In this new job, I would be documenting banking policies and procedures, not products. The purpose of this documentation is to satisfy government regulatory agencies, who are under fire from government lawmakers for failing to properly regulate banking activities in the past decade. Ironically, this is the primary reason that millions of people around the world, including me, were out of work in the first place.

The regulatory agencies will review the documents I write to verify that the bank practices are in accordance with federal laws and regulations. In the banking industry, this is known by the term “compliance,” and it’s a deadly serious business. The Compliance department at a bank is equivalent to the Internal Affairs department at police headquarters. As one of the managers who interviewed me said, “You’ll be the most unpopular guy in the room.” No problem, I’m used to that.

I interviewed with a total of four people over several weeks. This particular bank is what’s known as a “custodian bank.” That’s a bank that provides services to other banks. They’re profitable whether the economy is doing well or doing poorly, because they make their money on transactions, whether the money is coming in or going out.

They made me a verbal offer that was $15,000 a year more than I make now. I don't know what came over me, but in the middle of a terrible recession, I turned it down and demanded $20,000. Three days later, which is positively warp speed for a bank, they agreed - but with the condition that I interview with two additional senior managers, who apparently wanted to meet The Man With Brass Balls. Those interviews went well, and they sent me the formal offer.

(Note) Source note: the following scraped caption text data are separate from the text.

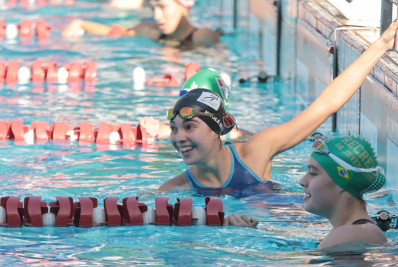 Nadadora campista de 14 anos conquista cinco medalhas no Brasileiro de Inverno
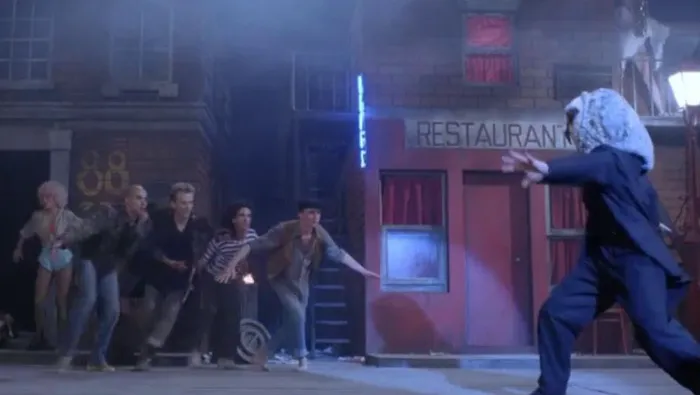 Scena iz filma StageFright: Aquarius(1987) 3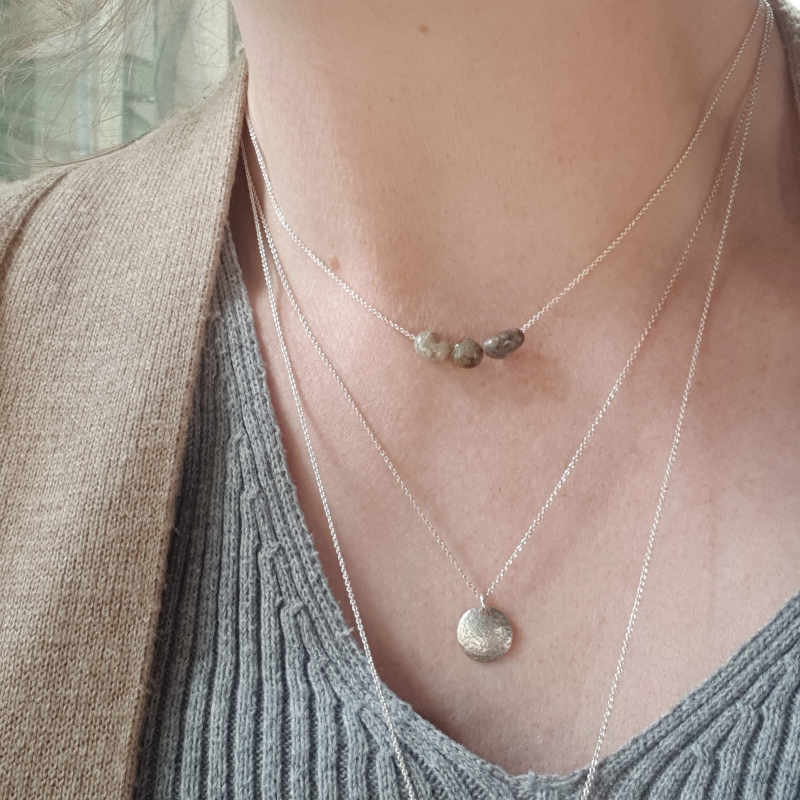 Exempelbild. Silversmycke Tiny pebbles jordig agat som halsband tillsammans med silverhalsband La Luna grace på person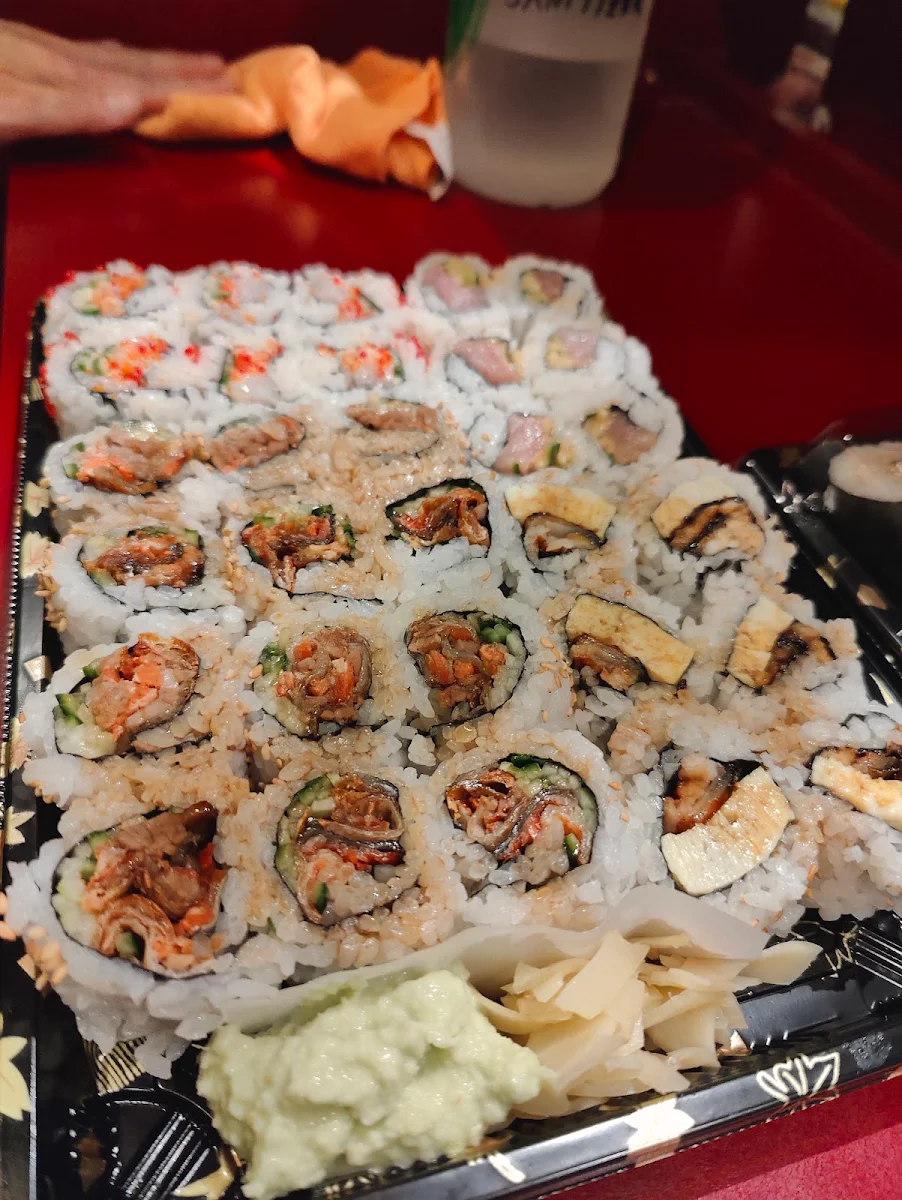 Real Crab California Roll, Yoshida Sushi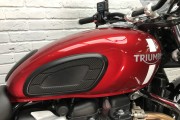 TRIUMPH STREET TWIN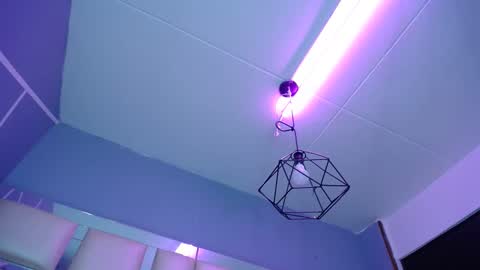 LUNA  online show from 12/05/24, 10:12
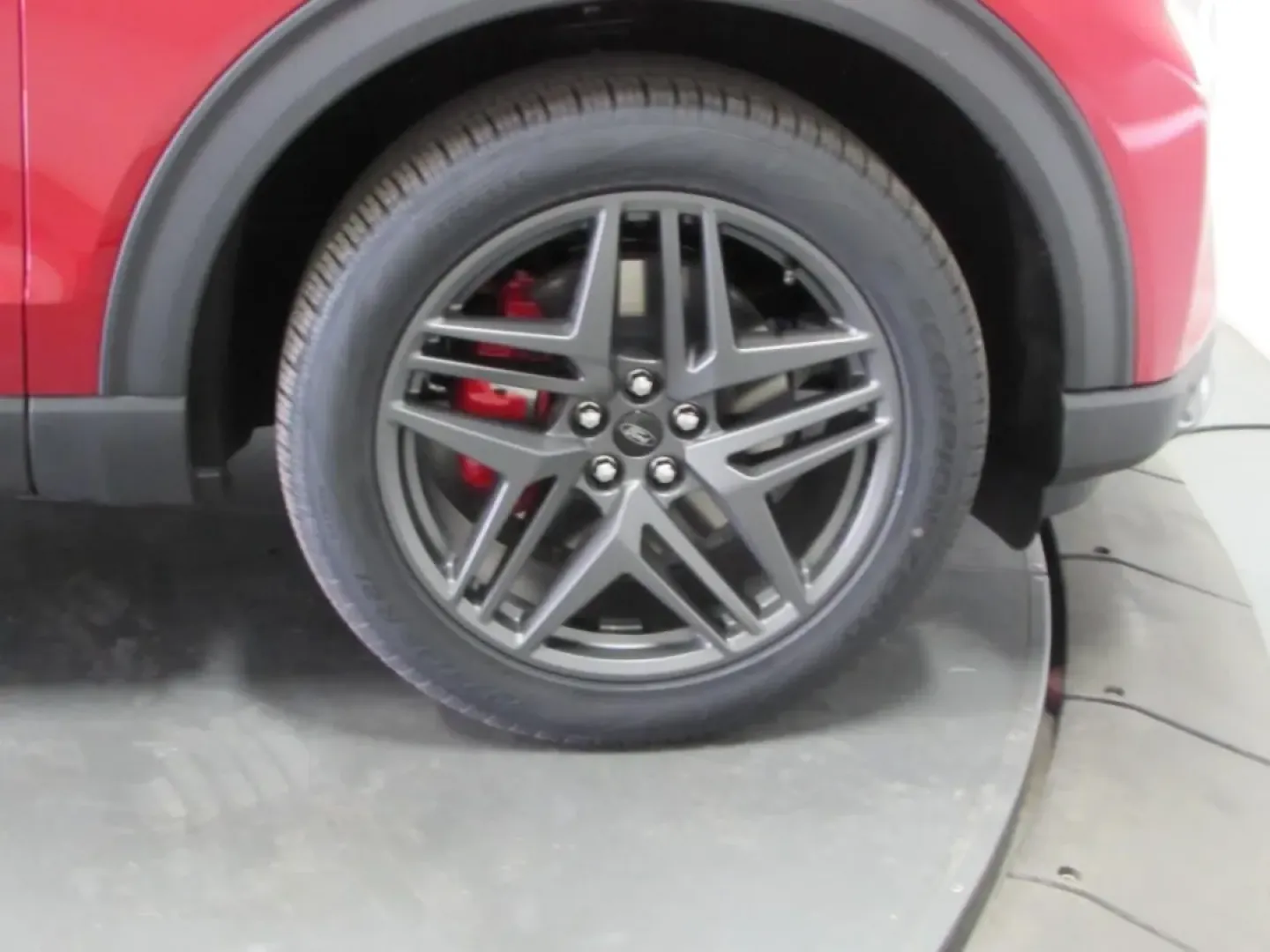 2026 /Onyx Ford Explorer ST-Line (1FMUK8KH9TG) with an 2.3L EcoBoost I-4 engine, Automatic transmission, located at 12836 Highway 21, De Soto, MO, 63020, (636) 337-7777, 38.151867, -90.575615 - **Unleash Adventure with the 2026 Ford Explorer ST-Line: Your Next Family SUV Awaits!**<br /> <br /> If you're on the hunt for a capable vehicle that perfectly balances family outings, weekend adventures, and daily commutes, look no further than the stunning 2026 Ford Explorer ST-Line available at P - Photo#9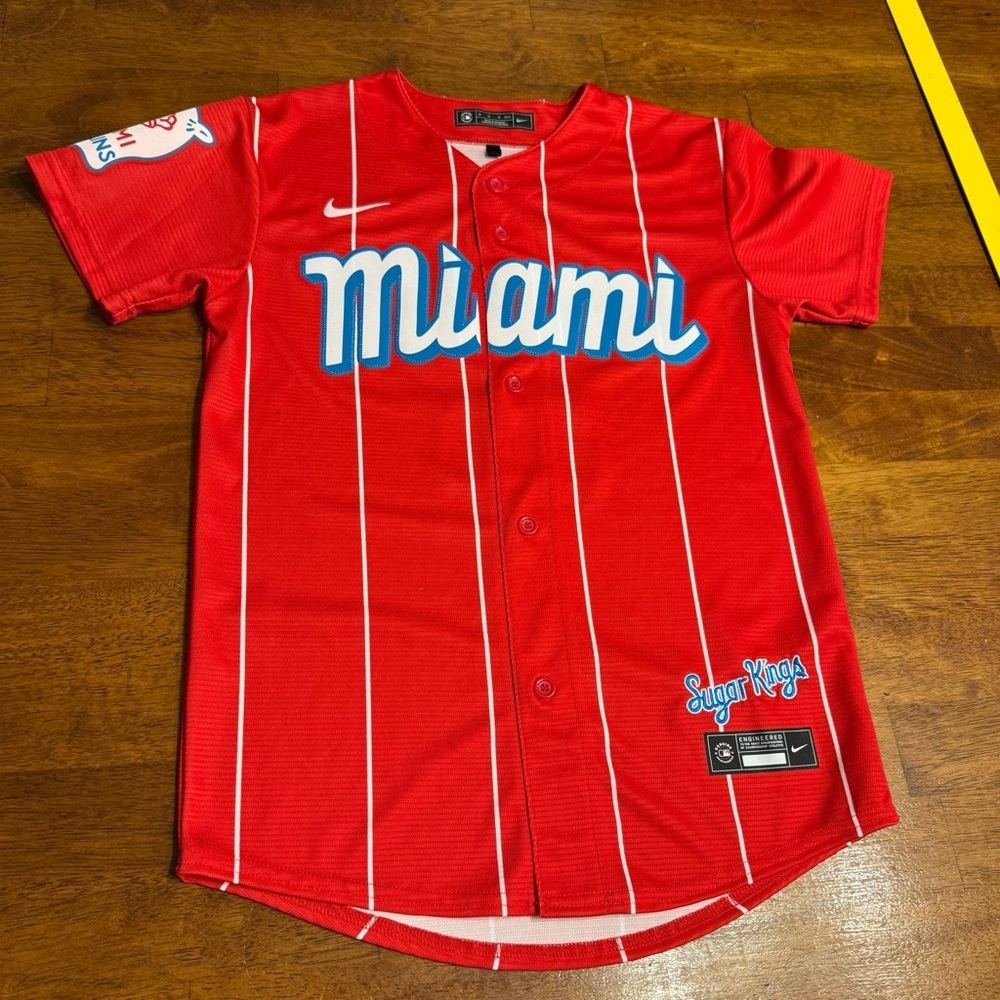 Kids Nike MLB Red Miami Marlins Sugar Kings Jersey Chisholm Jr Size medium 10/12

So today I gave my notice at my current job, which I’ve only held for six months. I was hired as a Technical Writer, but the job is actually something I call “Software Paleontology.” This is where a software product has been around for a long time, undergone dozens of revisions, and nobody has kept track of anything.

There are features in the software that no one knows how to use, because the developer that wrote the code is long gone, and there are no specifications or documentation of any kind. Nobody is using these features, but management can’t spare software engineers to remove them from the product – they’re too busy working on new features for which there are no specifications. I spend most of my day digging for tidbits of information that will enable me to formulate plausible descriptions of product features that nobody uses. It’s unfulfilling, and people cringe when they see me coming. I’m the most unpopular guy in the room.